By decreasing the price of broadband performance, DTMD can further FCC’s goals for broadband adoption in rural communities, less dense suburban communities, and low-income urban communities. With DTMD and without capital expenditure, the current broadband un-served can be provided with a broadband speed of minimum 5Mbps on their current phone lines. The cost for a phone company to provide the service goes from being a capital expenditure to a consumable expenditure. In the case of broadband deployment, for rural communities, less dense urban communities and low-income urban communities, private sector business goals and public sector goals conflict. Various parts of a broadband provider’s value chain may see needed innovation as potentially disruptive, lacking a robust total market, or lacking a high degree of interest by the service provider (the perceived driver of market volume).
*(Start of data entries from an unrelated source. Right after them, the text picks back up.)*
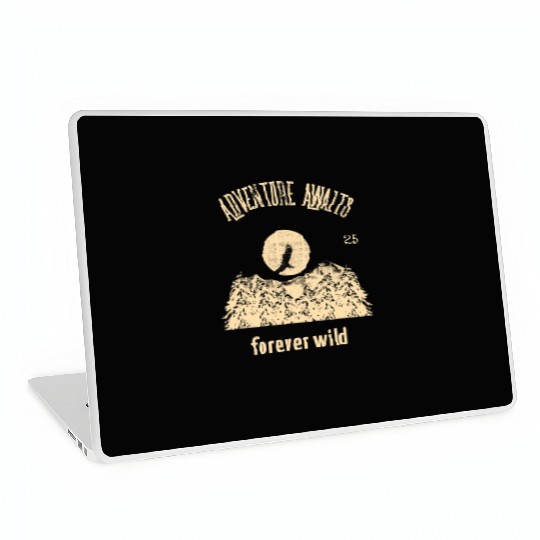 Camping Laptop Skins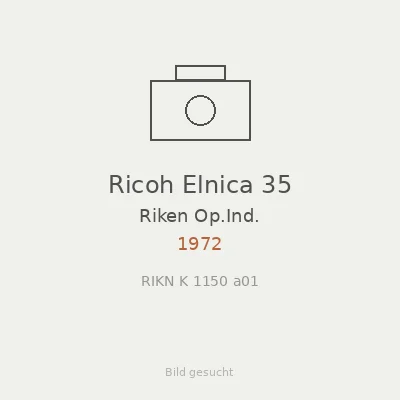 Ricoh Elnica 35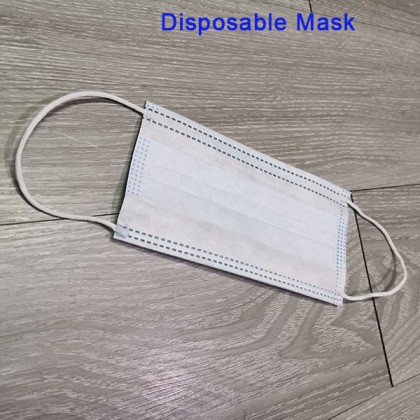 XXXXXXXDisposable Protective Mask 20pcs XXXXXXXDisposable Protective Mask 20pcs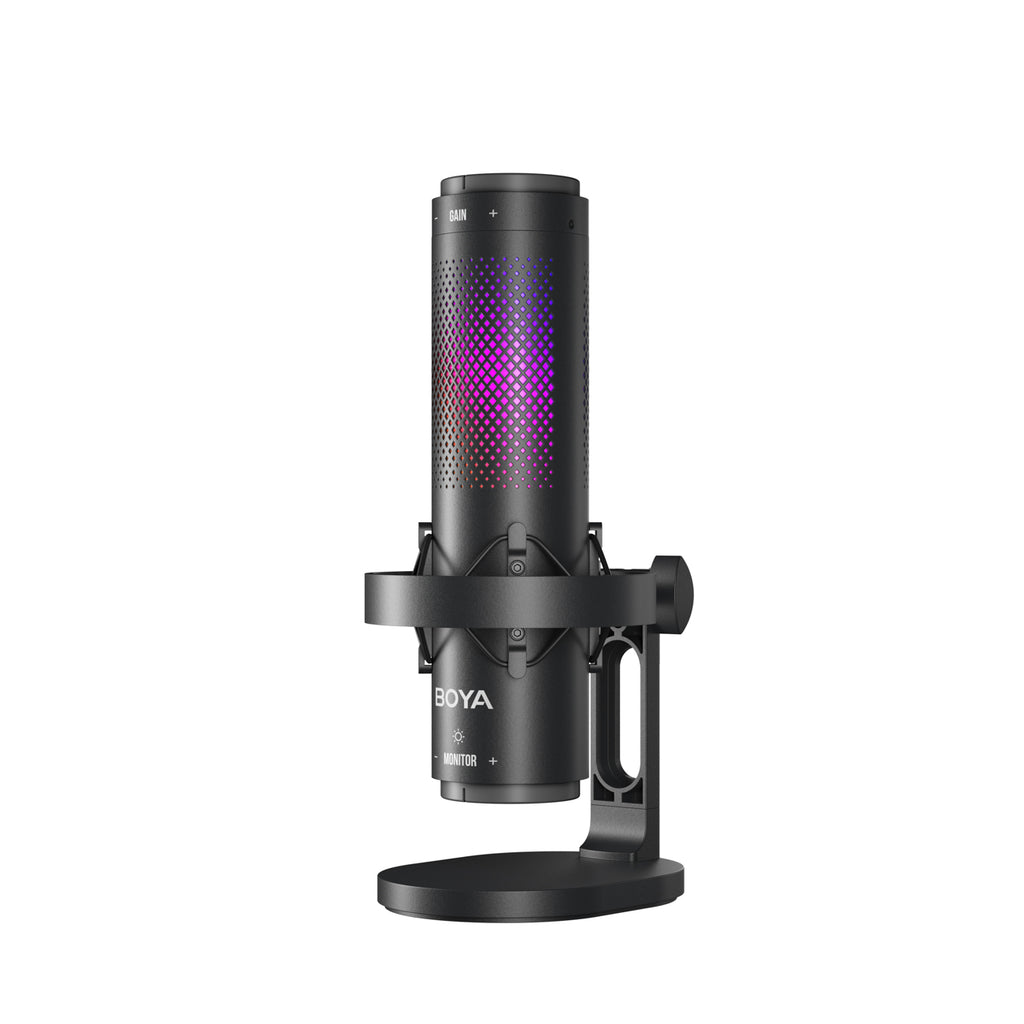 BOYA K9 laidinis mikrofonas - Juodas -- Microphones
While private sector investment in broadband has increased, that funding is focused more on incremental improvement to market-proven technologies. FCC-driven investment opportunities and incentives to innovate for the un-served should include opportunities to use technologies that are not fully market-proven.

About the Speaker

B.W. “Jess” Posey is co-founder, president, and CEO of TelePulse Technologies Corporation, a high-tech startup based in Alexandria, VA, and Chester Springs, PA, specializing in “last mile” solutions in broadband telecommunications.

In June, Jess will graduate with an SM in engineering and management from the System Design and Management Program at MIT. He also holds an MBA from the Wharton School of the University of Pennsylvania and a BS in physics and political science from the US Naval Academy.

The MIT System Design and Management Program Webinar Series on Systems Thinking for Contemporary Challenges features research conducted by SDM faculty, alumni, students, and industry partners. The series is designed to disseminate information on how to employ systems thinking to address the engineering, management, and socio-political components of complex challenges.